How Good Boy Preys On Everyone’s Biggest Horror Movie Fear

How Good Boy Preys On Everyone’s Biggest Horror Movie Fear





Watch the house, Indy! This article contains severe spoilers for “Good Boy.”

Does the dog die? It’s both the name of an incredibly needful website and one of the most common fears among moviegoers. Rarely has the question been more appropriate than with Ben Leonberg’s creepy haunted house movie “Good Boy,” which stars a dog and spends its entire runtime weaponizing the possibility of the plucky pup dying an awful horror movie death.

Arguably the first truly scary horror movie of 2025, “Good Boy” introduces Indy the dog (as himself). Indy has problems that he’s ill-equipped to solve. His master Todd (Shane Jensen) is unwell and sometimes lashes out at him despite the fact that he’s obviously a Good Boy. Todd also keeps dragging him to creepy locations like an unfamiliar old house and a strange cemetery that Indy just knows are trouble. Oh, and he keeps hearing strange whining, the shadows seem to be alive, and his dreams are suddenly extremely weird. There’s also that.

Being a dog, Indy has no understanding of (let alone solution to) these problems. So he does what he can: He protects his master and explores the territory despite being acutely aware that something unfamiliar shares the house with them. He does his best to comfort his human even when Todd pushes him away. He doesn’t know horror tropes, only canine curiosity and devotion. So, whenever there’s a strange noise, an ominous pair of eyes, or a mysteriously opening door, he investigates. This means that for much of the movie, Indy is voluntarily jogging nose-first into horror scenarios that the audience has been conditioned to believe are unsurvivable. This allows “Good Boy” to place its titular character in deep peril time and time again, and keep the viewers on the edge of their seats.  

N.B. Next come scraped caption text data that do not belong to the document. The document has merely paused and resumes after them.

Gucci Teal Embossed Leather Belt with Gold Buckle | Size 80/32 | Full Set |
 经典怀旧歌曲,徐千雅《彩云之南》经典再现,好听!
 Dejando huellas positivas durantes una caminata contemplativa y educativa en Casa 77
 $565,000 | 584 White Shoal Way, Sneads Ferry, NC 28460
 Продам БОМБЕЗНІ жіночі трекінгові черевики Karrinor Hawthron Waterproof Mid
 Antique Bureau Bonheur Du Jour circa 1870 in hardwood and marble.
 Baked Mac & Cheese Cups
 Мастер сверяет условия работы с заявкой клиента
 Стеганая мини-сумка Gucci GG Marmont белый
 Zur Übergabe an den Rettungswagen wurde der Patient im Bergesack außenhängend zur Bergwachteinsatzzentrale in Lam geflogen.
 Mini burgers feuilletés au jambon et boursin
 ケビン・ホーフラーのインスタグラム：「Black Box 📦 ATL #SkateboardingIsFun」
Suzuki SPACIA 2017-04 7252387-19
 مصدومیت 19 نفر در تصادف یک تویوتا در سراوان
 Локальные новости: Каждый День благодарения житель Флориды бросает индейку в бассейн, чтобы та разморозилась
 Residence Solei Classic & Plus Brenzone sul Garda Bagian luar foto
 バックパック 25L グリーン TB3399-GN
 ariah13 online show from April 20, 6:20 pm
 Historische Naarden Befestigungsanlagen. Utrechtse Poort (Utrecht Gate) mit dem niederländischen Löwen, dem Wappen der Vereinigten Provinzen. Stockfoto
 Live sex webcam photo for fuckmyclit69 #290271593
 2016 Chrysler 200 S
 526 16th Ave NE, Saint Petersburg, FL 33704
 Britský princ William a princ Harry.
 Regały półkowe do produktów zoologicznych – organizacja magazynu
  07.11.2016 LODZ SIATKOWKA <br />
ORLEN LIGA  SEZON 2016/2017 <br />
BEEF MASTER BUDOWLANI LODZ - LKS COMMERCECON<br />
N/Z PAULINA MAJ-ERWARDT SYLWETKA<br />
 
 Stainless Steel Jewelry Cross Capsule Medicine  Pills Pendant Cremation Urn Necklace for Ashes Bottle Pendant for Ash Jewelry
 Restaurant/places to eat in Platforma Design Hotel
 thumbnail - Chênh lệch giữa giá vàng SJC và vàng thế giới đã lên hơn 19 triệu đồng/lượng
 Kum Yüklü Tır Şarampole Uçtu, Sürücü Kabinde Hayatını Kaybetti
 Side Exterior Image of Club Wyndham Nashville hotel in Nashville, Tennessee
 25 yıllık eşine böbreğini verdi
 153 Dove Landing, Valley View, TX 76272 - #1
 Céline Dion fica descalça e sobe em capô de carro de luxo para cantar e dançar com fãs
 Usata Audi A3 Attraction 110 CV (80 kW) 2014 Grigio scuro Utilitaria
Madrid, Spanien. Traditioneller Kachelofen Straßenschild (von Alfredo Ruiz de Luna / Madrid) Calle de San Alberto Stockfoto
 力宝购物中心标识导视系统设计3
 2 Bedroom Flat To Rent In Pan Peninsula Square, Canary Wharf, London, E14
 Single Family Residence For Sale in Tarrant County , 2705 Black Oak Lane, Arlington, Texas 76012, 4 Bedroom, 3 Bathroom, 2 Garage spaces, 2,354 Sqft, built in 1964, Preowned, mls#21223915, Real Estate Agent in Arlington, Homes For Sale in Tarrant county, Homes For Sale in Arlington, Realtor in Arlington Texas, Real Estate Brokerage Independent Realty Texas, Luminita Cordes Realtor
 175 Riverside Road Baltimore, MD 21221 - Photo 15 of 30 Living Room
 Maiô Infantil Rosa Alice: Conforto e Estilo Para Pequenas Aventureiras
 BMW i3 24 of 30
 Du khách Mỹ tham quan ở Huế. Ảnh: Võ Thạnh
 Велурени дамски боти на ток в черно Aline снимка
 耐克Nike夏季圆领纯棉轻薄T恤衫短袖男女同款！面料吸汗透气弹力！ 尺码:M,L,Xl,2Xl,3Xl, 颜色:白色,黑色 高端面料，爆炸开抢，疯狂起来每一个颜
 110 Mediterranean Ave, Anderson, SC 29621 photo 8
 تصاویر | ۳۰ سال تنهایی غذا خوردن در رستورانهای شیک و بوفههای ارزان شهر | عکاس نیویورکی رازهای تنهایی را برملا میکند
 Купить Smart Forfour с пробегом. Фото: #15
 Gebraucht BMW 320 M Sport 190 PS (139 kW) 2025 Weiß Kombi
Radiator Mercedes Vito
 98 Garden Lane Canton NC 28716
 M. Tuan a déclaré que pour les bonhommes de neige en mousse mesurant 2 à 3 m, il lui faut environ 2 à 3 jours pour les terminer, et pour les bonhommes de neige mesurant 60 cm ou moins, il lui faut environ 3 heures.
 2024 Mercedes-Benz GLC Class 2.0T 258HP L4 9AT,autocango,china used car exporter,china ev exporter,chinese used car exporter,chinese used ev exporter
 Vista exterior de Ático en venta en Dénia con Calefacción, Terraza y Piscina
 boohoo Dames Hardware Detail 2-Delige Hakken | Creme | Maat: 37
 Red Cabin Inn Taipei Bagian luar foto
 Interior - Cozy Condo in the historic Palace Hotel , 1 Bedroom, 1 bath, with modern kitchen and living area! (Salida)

The movie uses Indy’s unawareness of horror tropes to keep the supernatural threat vague

Along with using Indy as the protagonist, “Good Boy” makes him the viewpoint character. Apart from the occasional expository phone call, line, and black and white TV footage, the audience only learns of the house, Todd’s condition, and the supernatural threat what Indy does, which keeps it all extremely vague. Are Todd’s outlandish actions in the house caused by his pain and desperation, or is he stealthily possessed by the entity that leads him toward doom? Indy doesn’t have a way of knowing, so neither has the viewer. 

At times, it seems that Indy only survives his encounters with the supernatural because the semi-corporeal entity haunting the house inexplicably chooses to withdraw. In other scenes, the house ghost seems wary around Indy, who’s often unafraid to head toward the abyss that stares back. Roughly halfway through, when the altercations become physical, it legitimately seems that the movie might have opted to kill its four-legged protagonist, only to reveal that the entity merely moved Indy to a different location. 

A possible explanation for this dynamic comes in one of the film’s many black-and-white TV clips. It depicts dogs as fearless creatures that have guarded humanity against things that go bump in the night since the days of the cavemen. Perhaps some mystical property of this ancient guardian duty is interfering with the monster’s shenanigans, prompting it to dodge Indy and look for indirect ways to get to Todd. These roundabout methods culminate in the entity tricking Indy into committing the ultimate sin and biting his master, which creates a temporary rift between them and earns poor Indy a stint as a chained yard dog. A truly low blow, even for a murderous paranormal creature.

A dog does die in Good Boy — just not the dog you think

Of course, even the mid-movie implication that the entity might not hurt Indy turns out to be a false flag. The movie’s big twist is that it actually has two cute dogs … and the previous four-legged occupant of the house met an awful end that the ghost is also luring Indy toward.

The fate the house seeks to impose on Todd and Indy is foreshadowed by recordings and supernatural visions of Todd’s grandpa (horror luminary Larry Fessenden) and his golden retriever, Bandit (Max). The old man — along with, it turns out, most of Todd’s other relatives — died a strange and relatively early death, and Bandit is heavily implied to have gone through a similar ordeal as Indy. Only, this doggy couldn’t get out of the climactic terror basement the entity brought in lockdown. The “Good Boy” climax reveals Bandit’s semi-mummified remains, still trapped in the cellar after the house took his master. 

Luckily, Indy is more fortunate. While Todd suffers much the same fate as his granddad, his sister (Arielle Friedman) arrives to search the house after failing to reach him and frees Indy from his basement predicament. Just before Indy very wisely chooses to exit the cellar at her behest, the entity attempts to lure him back with a whistle, confirming that it was gunning for Indy to share Bandit’s fate all along. “Good Boy” has been on /Film’s list of interesting upcoming 2025 horror movies for a good while, and while it’s not wholly perfect by any means, Indy the dog very much is — and it’s impressive how much mileage his real-life owner Leonberg manages to get out of our concern for his safety.